(Supplied data Opens)

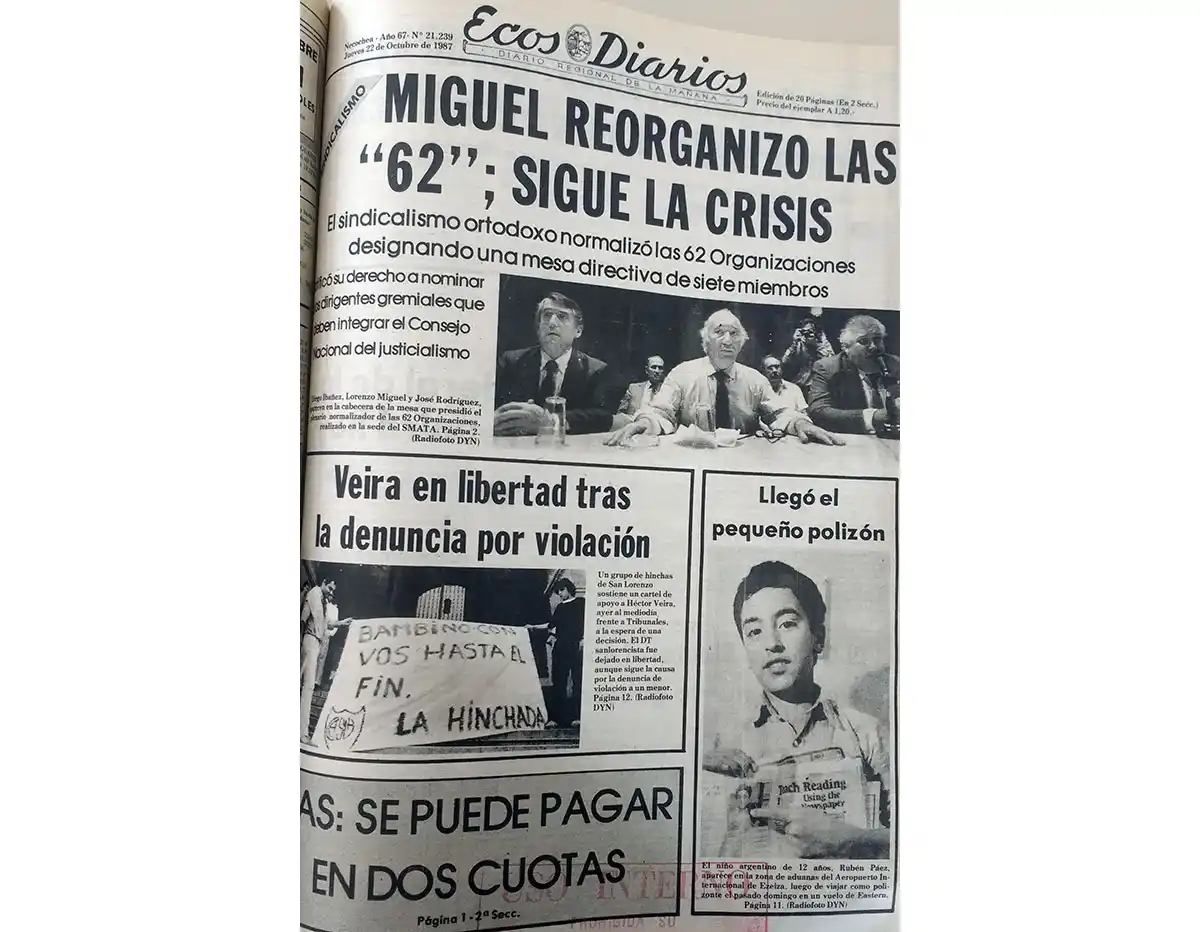 Jueves 22 de octubre de 1987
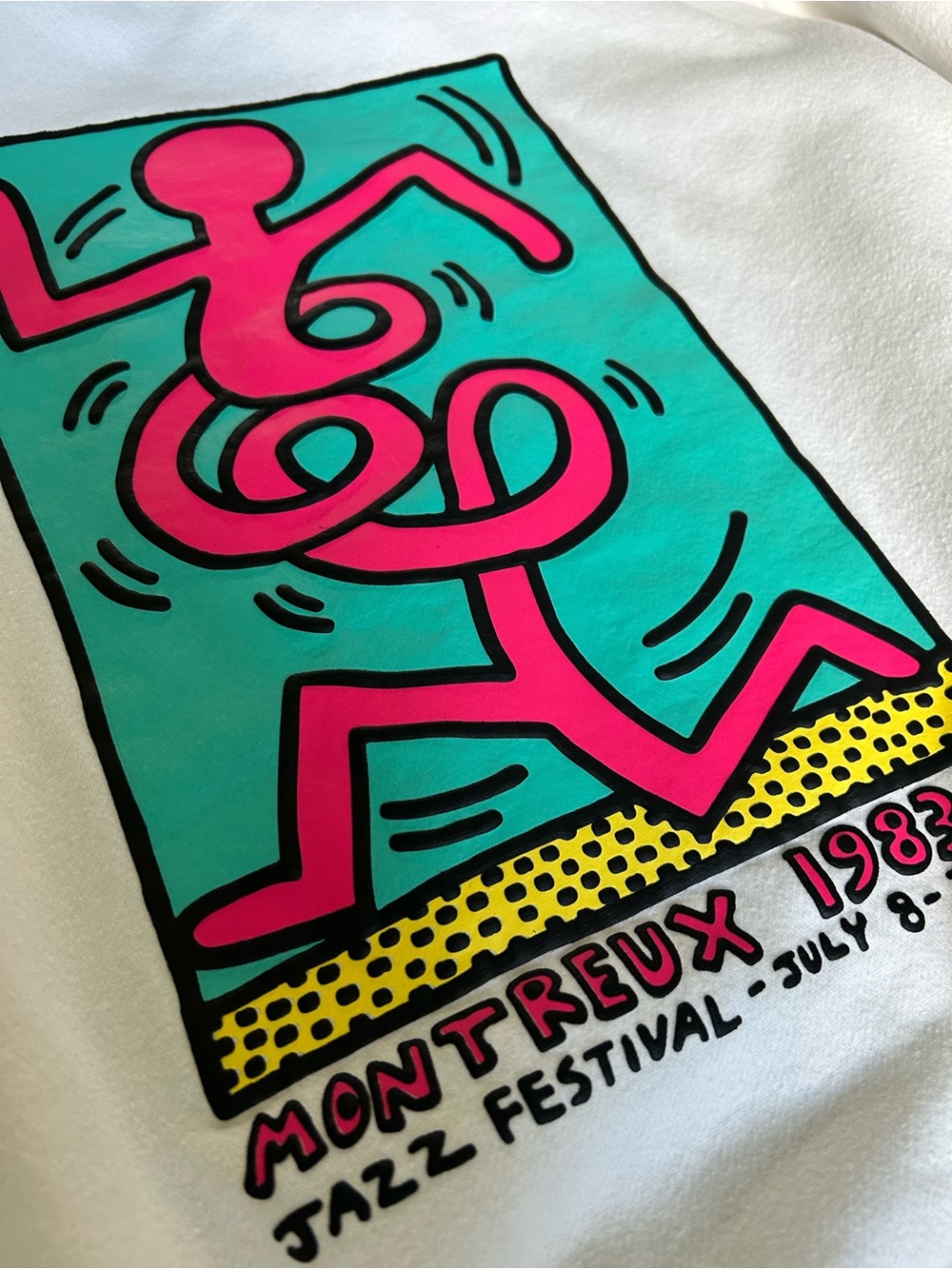 H&M Crewneck Sweatshirt with Pink & Teal Graphic "Montreux Jazz Festival 1983" M - Picture 13 of 14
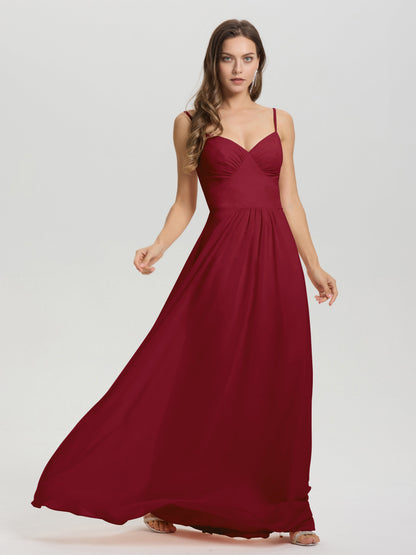 A-Line Spaghetti Straps V-Neck Floor Length Chiffon Bridesmaid Dress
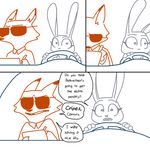  anthro canine car clothed clothing comic dialogue disney duo eyewear female fox judy_hopps lagomorph male mammal nick_wilde paper pen police_uniform rabbit speech_bubble steering_wheel sunglasses text the_weaver uniform vehicle zootopia 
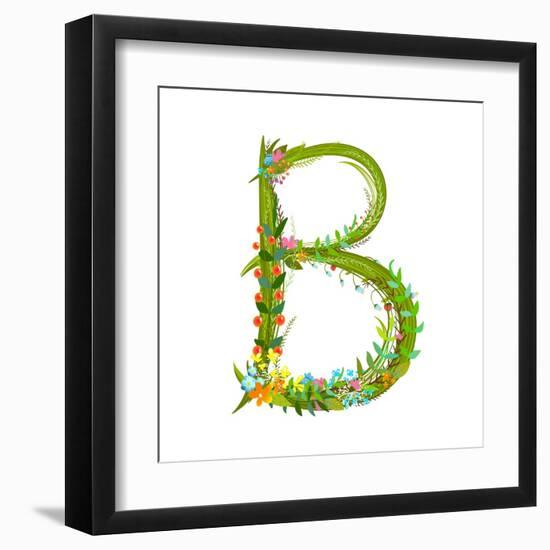 Flower Calligraphy Floral Elegant Decorative Alphabet Letter B. Intricate Sign. Floral Summer Color-Popmarleo-Framed Art Print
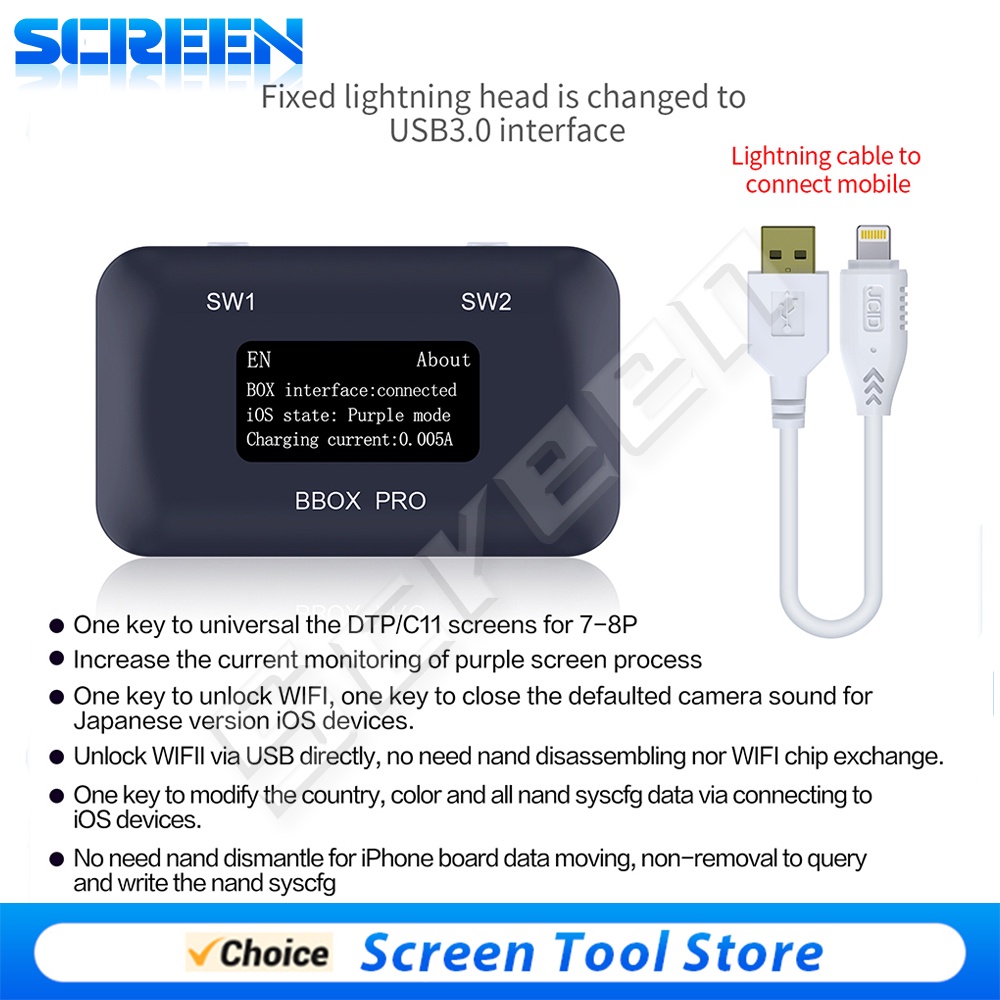 JC JCID BBOX Pro DFU Box Window DCSD Cable IOS A7-A11 One Key Purple Mode IPhone IPad Modify NAND Sy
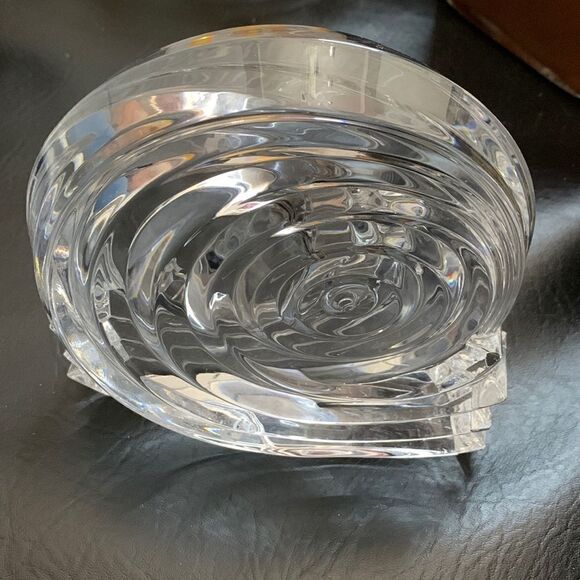 German Paper Weight Glass Spiral Swirl Candle Votive  Holder Lead Crystal Heavy - Picture 1 of 10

(Supplied data Closes)

== Exercise ==
The lines needed run from the first line of the records through the line containing "Flower Calligraphy Floral", both included. Restate them word for word, without pictures.

== Expected output ==
 Jueves 22 de octubre de 1987
 H&M Crewneck Sweatshirt with Pink & Teal Graphic "Montreux Jazz Festival 1983" M - Picture 13 of 14
 A-Line Spaghetti Straps V-Neck Floor Length Chiffon Bridesmaid Dress
  anthro canine car clothed clothing comic dialogue disney duo eyewear female fox judy_hopps lagomorph male mammal nick_wilde paper pen police_uniform rabbit speech_bubble steering_wheel sunglasses text the_weaver uniform vehicle zootopia 
 Flower Calligraphy Floral Elegant Decorative Alphabet Letter B. Intricate Sign. Floral Summer Color-Popmarleo-Framed Art Print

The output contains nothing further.